Mark David Chapman, the man who shot John Lennon dead in 1980 and has been in prison ever since his arrest, said he deserved the death penalty in his most recent parole hearing.

He’s eligible for an application to be freed every two years, although he’s been denied each time. In the transcript of his most recent hearing, which took place in August and has just been published, Chapman extended an apology to Lennon’s widow, Yoko Ono.

“I just want to reiterate that I’m sorry for my crime,” he told the parole board at the Wende Correctional Facility in New York (via NME). “I have no excuse. This was for self-glory. I think it’s the worst crime that there could be to do something to someone that’s innocent.”

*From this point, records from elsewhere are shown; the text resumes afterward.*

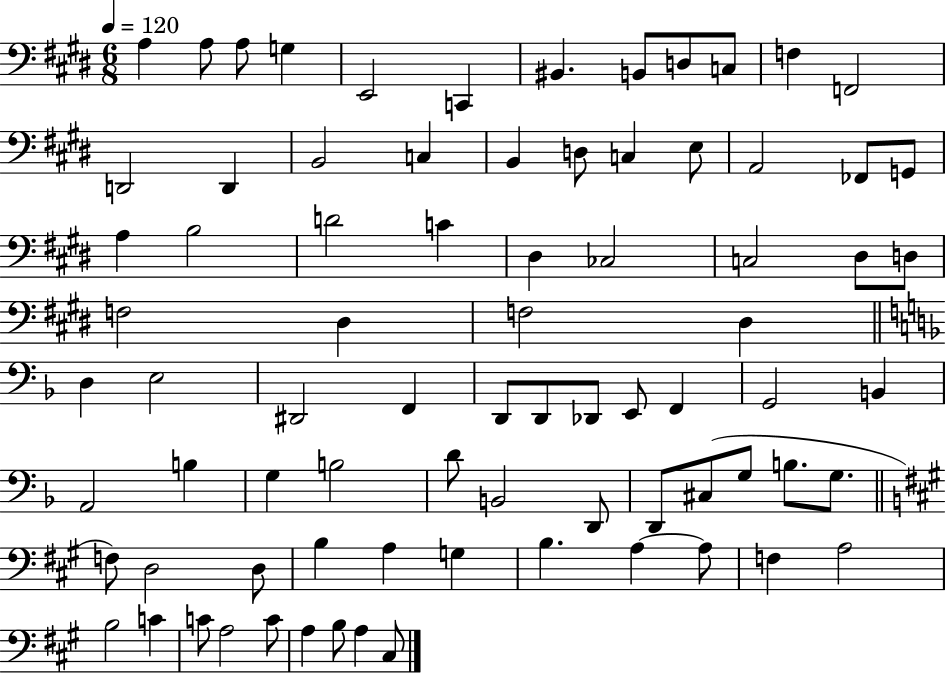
{
  \clef bass
  \numericTimeSignature
  \time 6/8
  \key e \major
  \tempo 4 = 120
  \repeat volta 2 { a4 a8 a8 g4 | e,2 c,4 | bis,4. b,8 d8 c8 | f4 f,2 | \break d,2 d,4 | b,2 c4 | b,4 d8 c4 e8 | a,2 fes,8 g,8 | \break a4 b2 | d'2 c'4 | dis4 ces2 | c2 dis8 d8 | \break f2 dis4 | f2 dis4 | \bar "||" \break \key f \major d4 e2 | dis,2 f,4 | d,8 d,8 des,8 e,8 f,4 | g,2 b,4 | \break a,2 b4 | g4 b2 | d'8 b,2 d,8 | d,8 cis8( g8 b8. g8. | \break \bar "||" \break \key a \major f8) d2 d8 | b4 a4 g4 | b4. a4~~ a8 | f4 a2 | \break b2 c'4 | c'8 a2 c'8 | a4 b8 a4 cis8 | } \bar "|."
}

He repeated his previous admission that he killed Lennon only because of his fame. “He was an icon," Chapman noted. "He was someone that spoke of things that now we can speak of and it’s great.”

Describing the murder as “an extremely selfish act,” Chapman said, “I’m sorry for the pain that I caused to [Ono]. I think about it all of the time. … When you knowingly plot someone’s murder and know it’s wrong and you do it for yourself, that’s a death penalty right there, in my opinion. Some people disagree with me, but everybody gets a second chance now. I deserve zero, nothing. If the law and you choose to leave me in here for the rest of my life, I have no complaint whatsoever.”

The death penalty was abolished in New York in 2007. The parole board rejected Chapman's appeal on the basis that it “would be incompatible with the welfare of society.” He can apply again in 2022.